• **ABOUT THIS EXERCISE**: Your answer must be the line containing "Big win for" and each following line to the end of the listing below, copied exactly, with pictures removed and nothing added.

• **EXERCISE DATA**:
::::
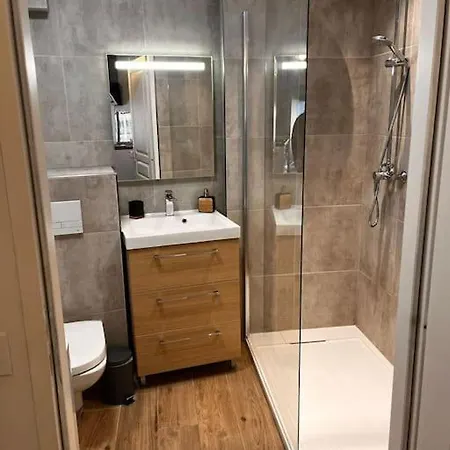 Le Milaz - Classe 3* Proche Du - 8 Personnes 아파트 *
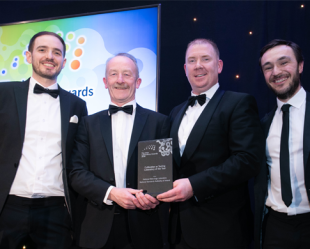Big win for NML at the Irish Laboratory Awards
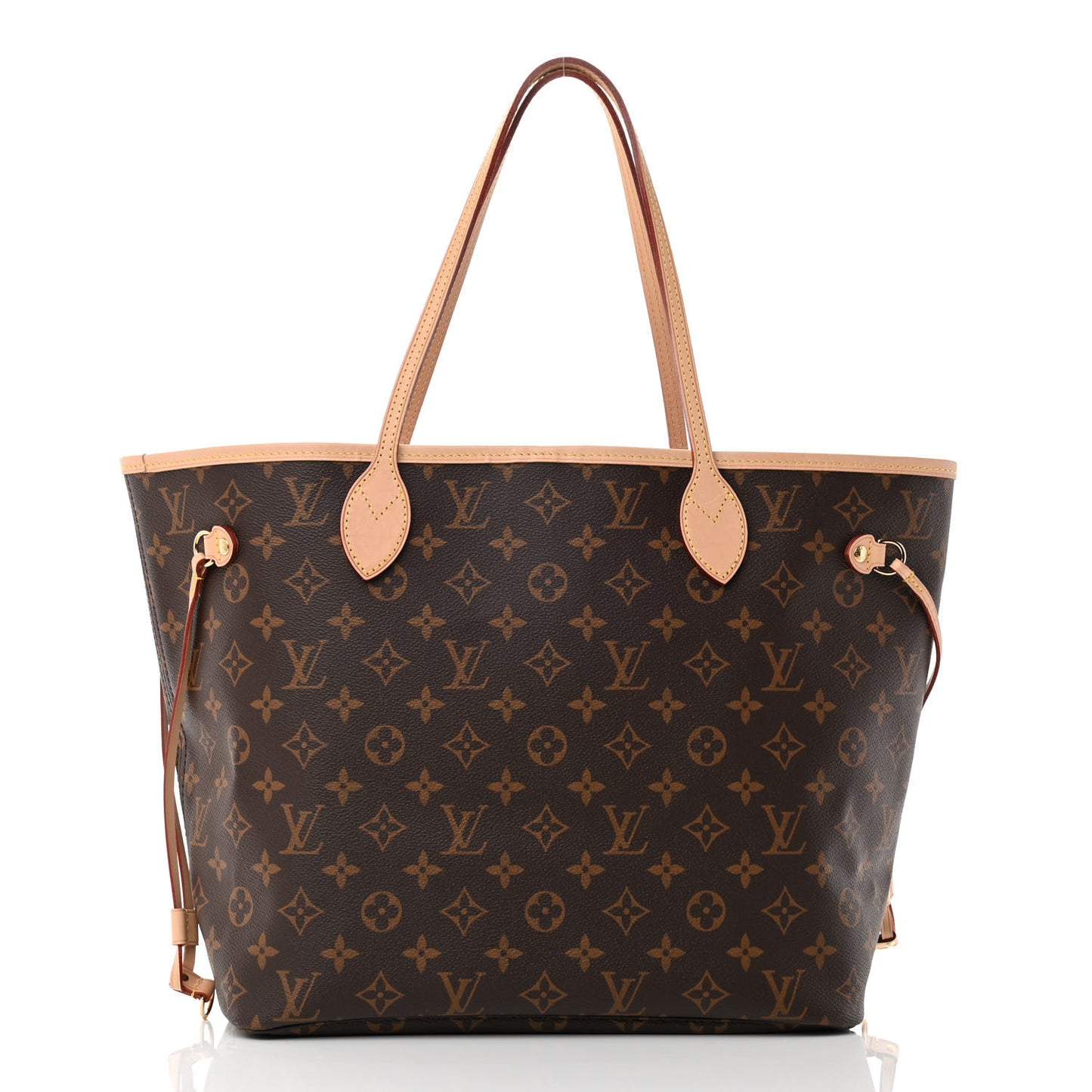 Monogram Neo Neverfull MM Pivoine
::::
• **ANSWER FOR THIS EXERCISE**:
Big win for NML at the Irish Laboratory Awards
 Monogram Neo Neverfull MM Pivoine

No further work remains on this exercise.